Werner's Blog — Opinion, Analysis, Commentary
The Space Cost Race
NASA's proposed Space Launch System

You may be familiar with the space race: in the 1960s, the United States and the USSR competing to send a man to the moon, won eventually by the U.S. with Apollo 11's July 1969 landing that put Neil Armstrong and Buzz Aldrin on the surface of the moon. But now a new race is on: The “space cost race” that will decide who will put cargo into orbit at the lowest price. And this race has a number of new private-sector entrants that apply the spirit of competition to a an aerospace industry that has traditionally lacked competition.
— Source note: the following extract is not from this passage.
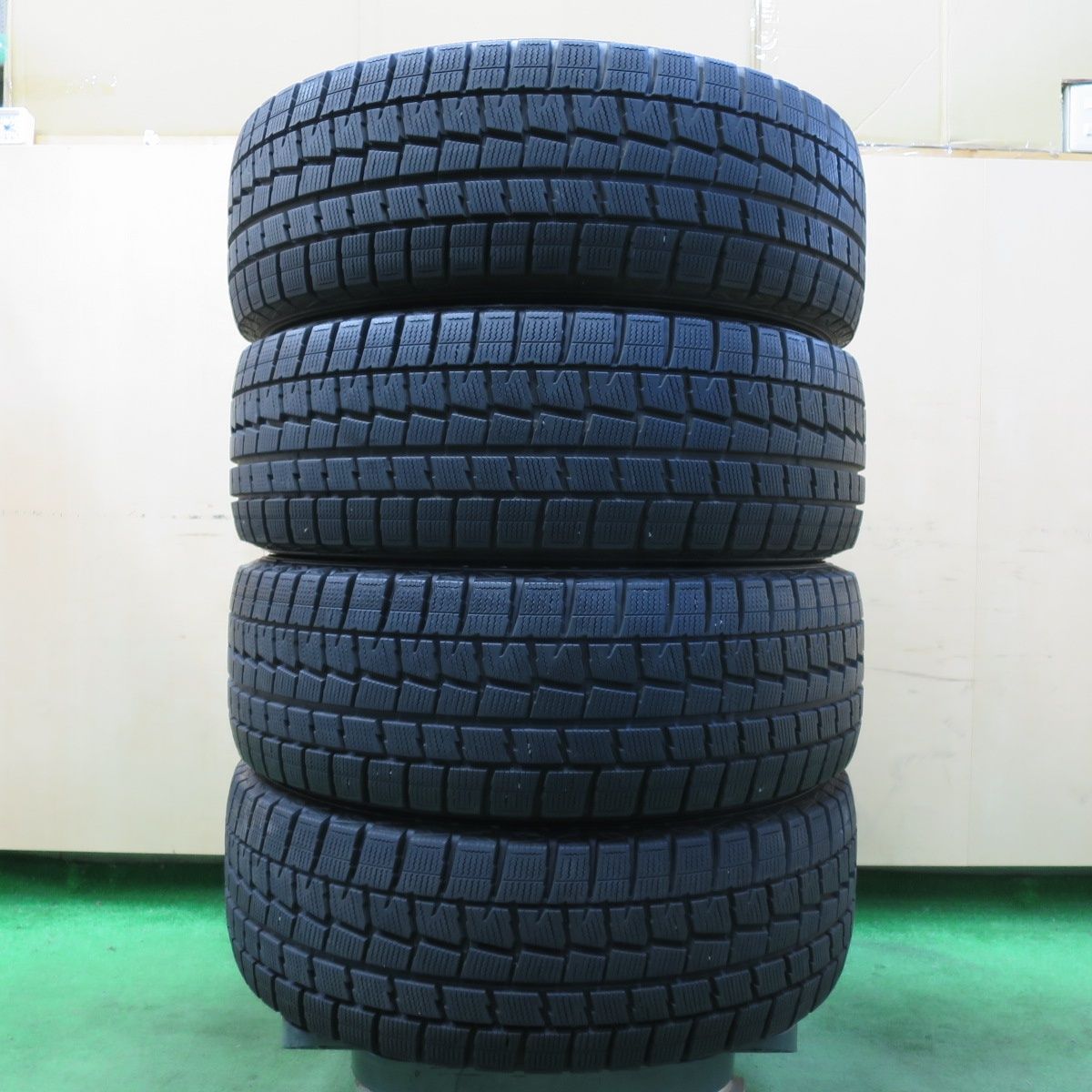 バリ溝！冬タイヤセット 215/60R16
Enter companies such as SpaceX, Orbital Sciences Corporation, and Sierra Nevada Corporation, all of which are ready to take on the established the behemothes in the United States, Boeing and Lockheed Martin and their joint venture, United Launch Alliance) and in Europe, Arianespace. What can the new companies do that the giants couldn't?

The table below shows a sample of orbital launch systems and their corresponding costs. Comparisons between launchers are complicated by the myriad of different configurations and the fact that most companies do not advertise a fixed price for their launchers. This is starting to change. SpaceX is quite transparent about their pricing. There are also economies of scale. It is cheaper per kilogram to put a large payload into orbit, but of course not all payloads are large. Also, some launchers need to reach geosynchronous orbit, while others only need to reach low-Earth orbit. The table below show that conventional launchers cost around $10-15,000 per kg, with the European Ariane being significant cheaper. However, the Falcon 9 from SpaceX is even cheaper, with the prospect of slashing costs even further when the Falcon Heavy becomes available commercially in 2016.
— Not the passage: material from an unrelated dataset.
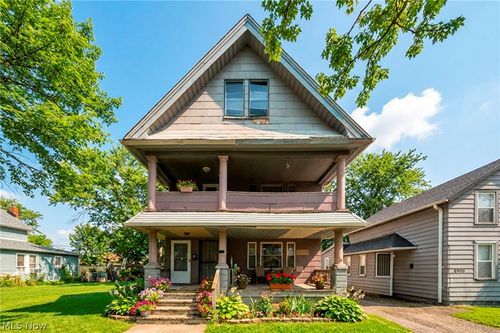 6904 Lawn Ave, Cleveland, OH, 44102-4112 | Card Image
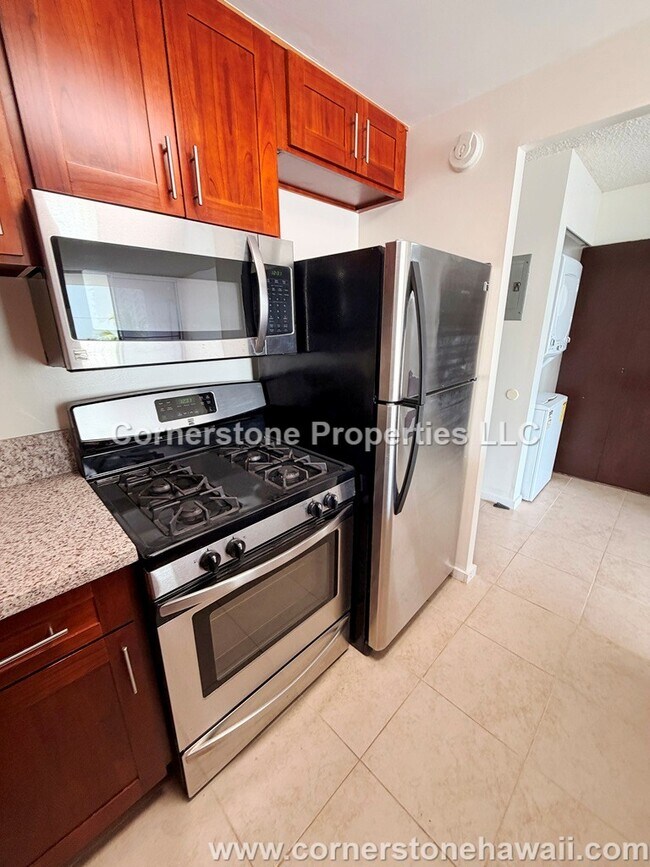 Foto del edificio - 475 Atkinson Dr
Launcher Company Cost [$mio] LEO Payload (kg) Cost per kg
Atlas V ULA 152 9,797 15,515
Ariane V ArianeSpace 120 21,000 5,714
Delta II ULA 51 5,030 10,139
Delta IV Heavy ULA 375 28,790 13,025
Falcon 9 [1.1] SpaceX 54 13,150 4,106
Falcon Heavy SpaceX 85 53,000 1,603
Space Launch System NASA 500 130,000 3,846

Source: various industry publications. Companies are welcome to provide more accurate information.

‘With continuing innovation, a cost of $500 per kg to Low-Earth Orbit by the end of the decade is achievable.’

The cost advantage of the space pioneers such as SpaceX comes from a number of innovations. First is simplicity. The Falcon 9 rocket uses nine engines, which are simpler to produce than smaller but bigger engines, and ultimately can be mass-produced. Having nine engines means that up to two engines can fail without compromising the missions. SpaceX is also working on recovering the first rocket stage rather than dropping them into the ocean. Preliminary tests for rocket-propelled soft landings are very promising. The Falcon Heavy version currently under construction will use two boosters identical to the main stage, and further improve efficiency through cross-feeding the rocket fuel between the three tanks. But technological innovations are not the only frontier of progress. SpaceX has pioneered a new business model that is leaner than its competitors, with less overhead, and quicker turnaround from planning to production. With continuing innovation, a cost of $500 per kg to Low-Earth Orbit by the end of the decade is achievable.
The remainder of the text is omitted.